Minggu, 15 Januari 2017

Ketahanan Pangan Versus Kedaulatan Pangan



Di banyak negara termasuk Indonesia, konsep yang dianut dan mendasari hampir seluruh kebijakan dan strategi pertanian dan penyediaan pangan adalah ketahanan pangan (food security). Konsep ini telah mulai digodok semenjak akhir tahun 1970-an, dan kemudian banyak mengalami perubahan dari sisi fokus dan pendekatan. Lalu, mulai dari pertengahan tahun 1990-an, akibat ketidakpuasan terhadap kondisi pangan lokal dan perdagangan pangan dunia, muncul konsep dan pendekaan baru yaitu kedaulatan pangan (food sovereignty).

Konsep ketahanan pangan semula sederhana, luas, dan kualitatif; lalu berubah menjadi lebih tegas, spesifik, dan lebih kuantitaif (Maxwell dan Smith, 1992). Pada dasarnya, ketahanan pangan adalah tersedianya pangan dalam jumlah dan kualitas yang cukup, terdistribusi dengan harga terjangkau, serta aman dikonsumsi.

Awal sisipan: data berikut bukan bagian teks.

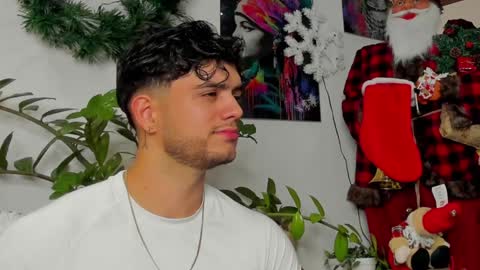 Snapshot of noha_miler chatting on December 29, 2024, 12:20 am kevin online show from December 29, 2024, 12:20 am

Jadi kuncinya adalah: ketersediaan, keterjangkauan, dan stabilitas pengadaannya. Ketersediaan berkaitan dengan aspek produksi dan suplai, keterjangkauan merupakan aspek akses baik secara ekonomi maupun keamanan, sedangkan stabilitas merupakan aspek distribusi.

Pada dekade 1960-an dan 1970-an, ketika dunia dihadapkan kepada ketidakcukupan produksi pangan, definisi ketahanan pangan ditekankan kepada penyediaan pangan yang cukup (United Nation, 1975). Tahun 1983, FAO memasukkan faktor jaminan akses (FAO, 1983)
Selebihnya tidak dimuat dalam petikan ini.